Fue un partido contra Boyacá Chicó. Era pequeña y mi mamá no me dejaba ir al estadio de rojo porque le daban miedo las peleas entre barras bravas así que usé una insípida camiseta amarilla. La tribuna oriental estaba a reventar y esa tarde cantamos un gol que marcó la victoria del Poderoso.
Después de eso vino una temporada oscura para el Equipo del Pueblo. Fueron tantos fracasos y una crisis prolongada que de alguna u otra forma me distancié del ritual de visitar el Atanasio, algo no muy propio de un verdadero hincha rojo, acostumbrado a perder hasta el cansancio.
Un jueves de febrero ocurrió el milagro. Me obsequiaron entradas para el duelo versus Llaneros y contra todo pronóstico me encaminé al reencuentro, una cita con la afición, lo extraordinario de una tradición.
La cábala funcionó: el equipo asestó en la red contraria tres golazos en medio del fulgor de una noche emocionante. Al ritmo de la Murga se repartieron aplausos y ovaciones, el olor de las bengalas y el sabor de las obleas selló un momento singular.

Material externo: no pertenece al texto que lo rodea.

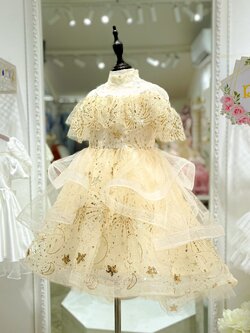 ชุดราตรีเด็ก(หน้าร้านอยู่รัชดา ลองได้ถ่ายรูปจากชุดจริง)W18299สีครีม ไหล่ซีทรูแขนระบาย ประดับกลิตเตอร์ทั้งชุดวิ้งๆลายดอกไม้ กระโปรงหน้าสั้นหลังยาว ดูเป็นเจ้าหญิงมากกเลยคะ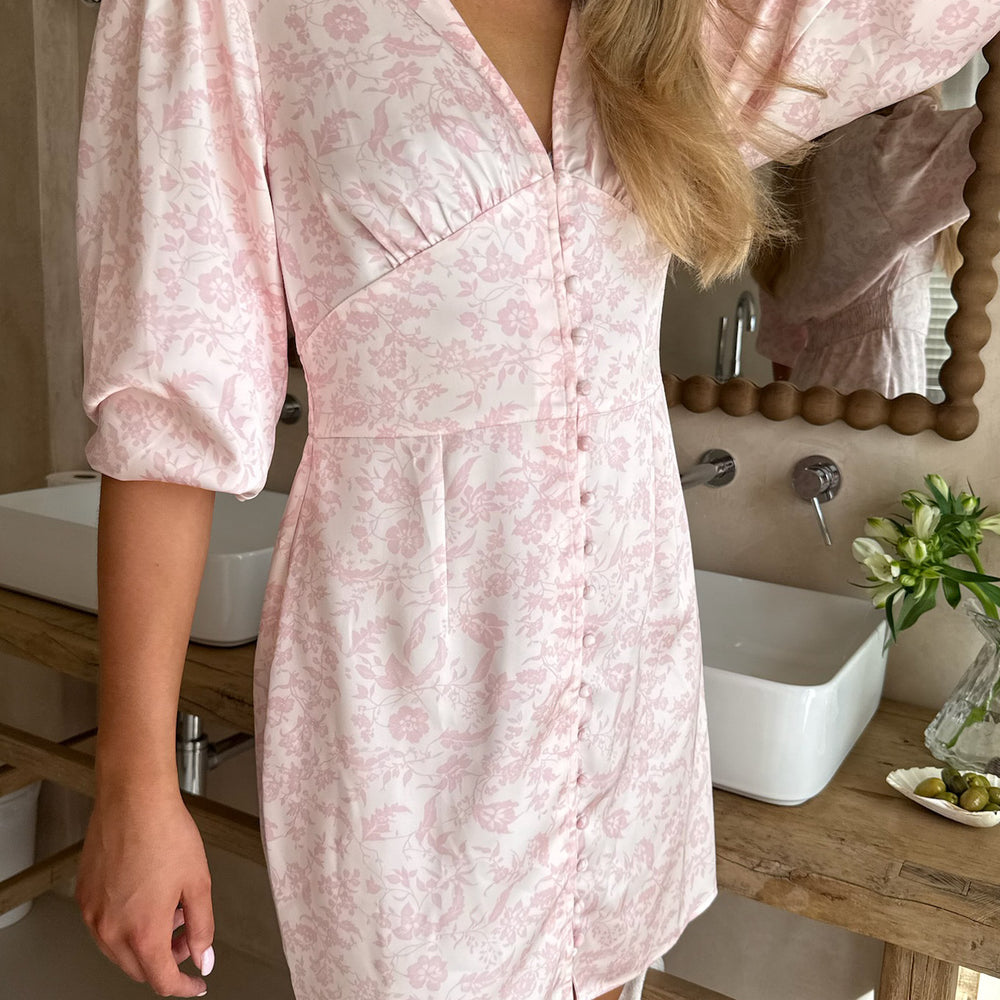 
                      
                        Addy Dress PREORDER Light Pink Flower
                      
                    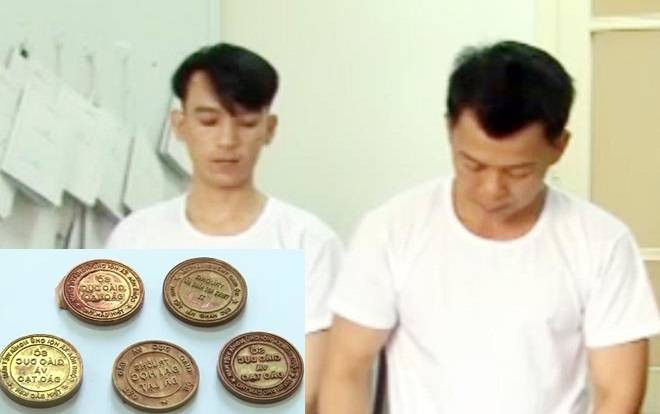 Phát hiện 1 tấn bằng giả, 1.200 con dấu trường học được 2 anh em tiêu thụ khắp cả nước Ảnh 2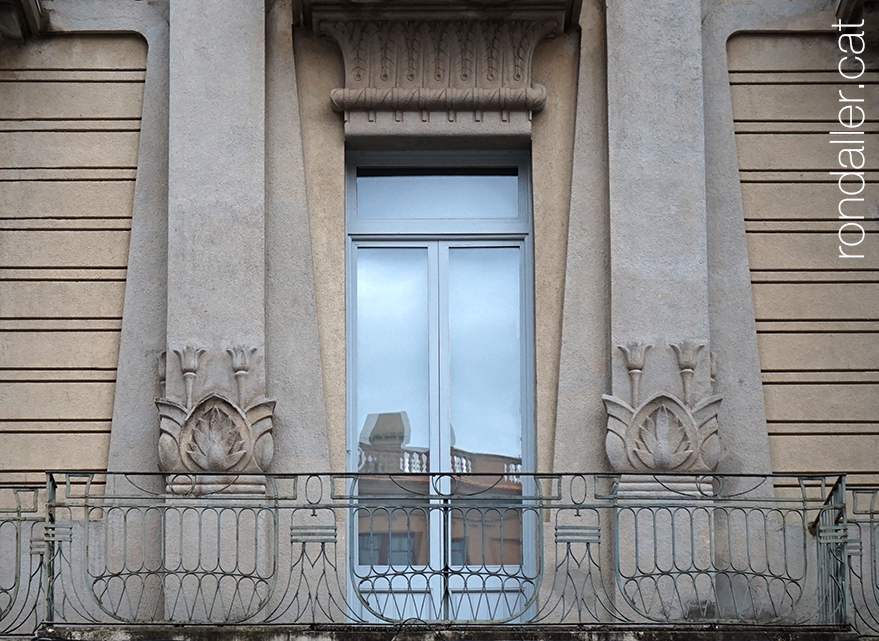 Clínica Sabaté de Tortosa. Balcó amb decoracions florals exòtiques.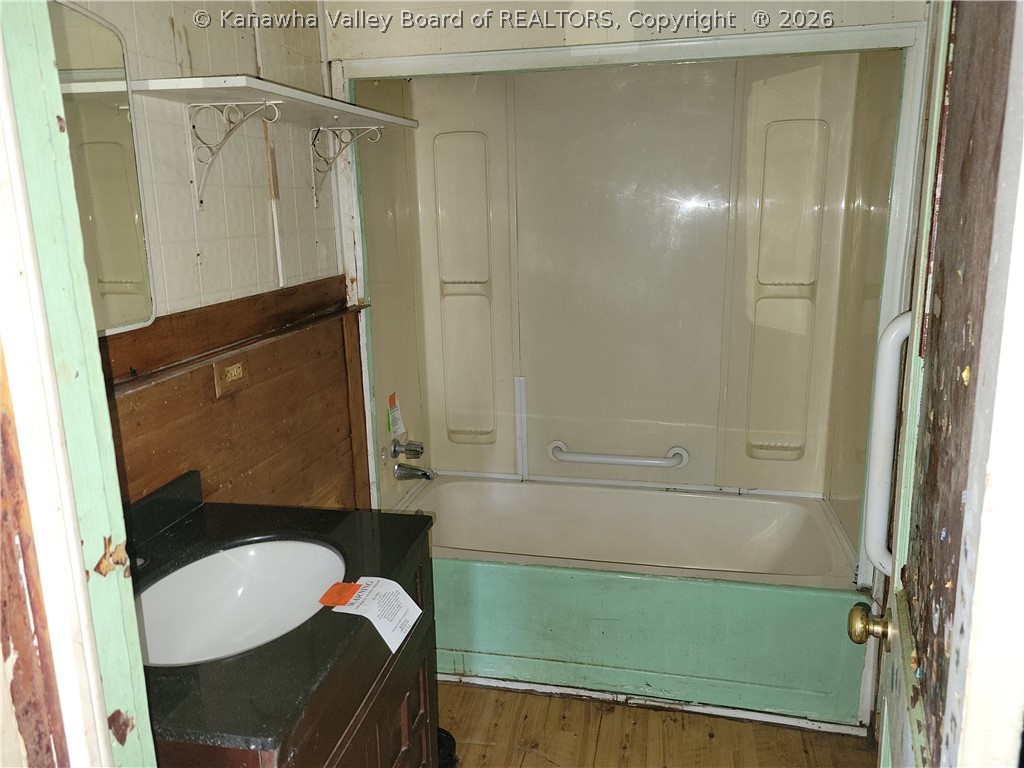 714 Daverton Road Charleston, WV 25303 - Photo 5 of 9 Gallery Image 5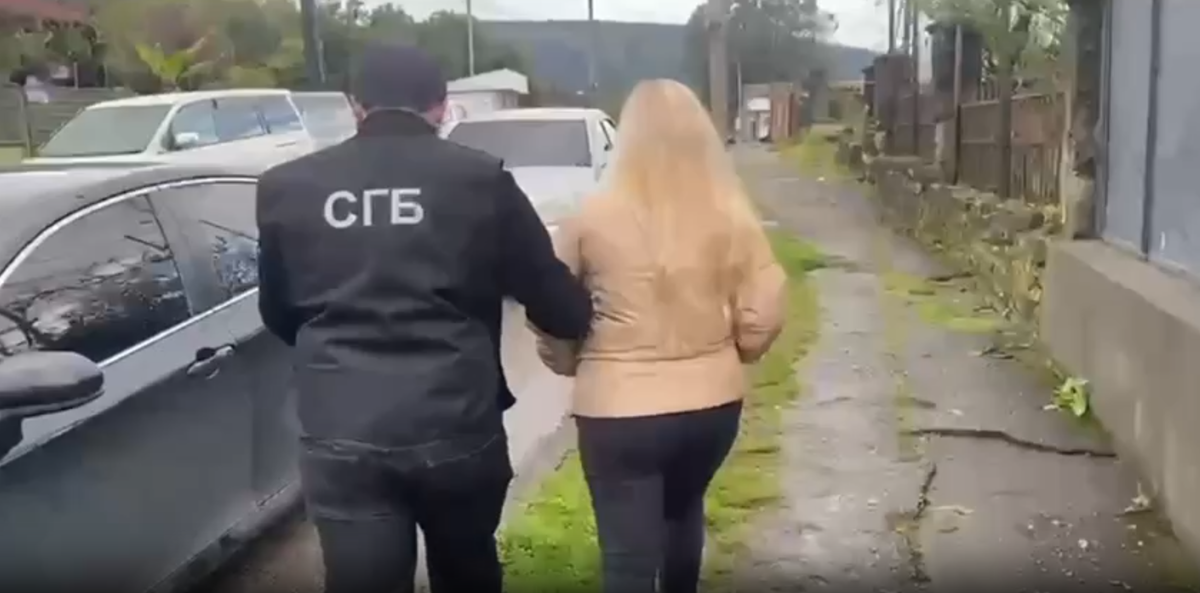 Кадр передачи сотрудниками СГБ Абхазии граждан России. Фото: СГБ Абхазии / Thttps://www.sgb.apsny.land/news/item/133-sotrudnikami-sgb-ra-zaderzhany-grazhdane-rf-i-peredany-fsb-rossii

Y no es para menos, pues el triunfo puso al DIM a encabezar la tabla y a conservar un invicto que ilusiona, así es, la primera palabra de alguien que cae nuevamente en las redes del fanatismo.
Chaverra, Sandoval y Londoño sentenciaron la vez que volví al estadio, que podría confundirse con otra primera vez, pero que con seguridad no será la última.